Today’s daf (Beitzah 31b) raises the question of whether food may be taken on Yom Tov from a room that was previously sealed – which the Gemara initially understands to refer to a room that is literally sealed with bricks and mortar.
To give some background, the laws of mukzeh teach us that items that are ‘set aside’ and are not intended for use on Shabbat and Yom Tov may not be moved or used on Shabbat and Yom Tov. In this case, by virtue of the food being sealed in a room prior to Yom Tov, we would imagine that whatever is in that room is regarded as being mukzeh.
Based on this, the Gemara asks about the circumstances in which a room that is truly sealed somehow became accessible on Yom Tov, and it then informs us that while food had been sealed in a room, this room was merely constructed by bricks piled together without mortar. Consequently, since the room was not truly sealed, the food inside the room is not truly considered mukzeh, and in a situation where a wall of that room was (unintentionally) breached, נוטל ממקום הפחת, ‘one may take from the place of the breach’.
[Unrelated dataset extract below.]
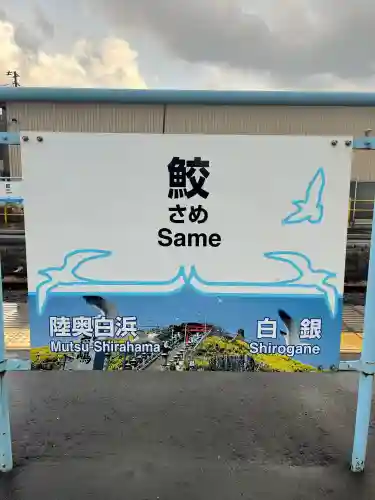 蕪嶋神社(青森県)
In life, we often think that certain dreams and aspirations are beyond the realms of possibility because unmovable and unbreachable walls stand in our way. Yet while, from a distance, the walls surrounding those dreams and aspirations look like they are built with brick and mortar, many times they merely have the appearance of a sealed wall and they are actually just bricks that have been piled together without mortar. And in such a situation, either through the slow but steady effort of removing those bricks, or the blessing of unexpected breaches in that wall, we can reach what we are striving towards.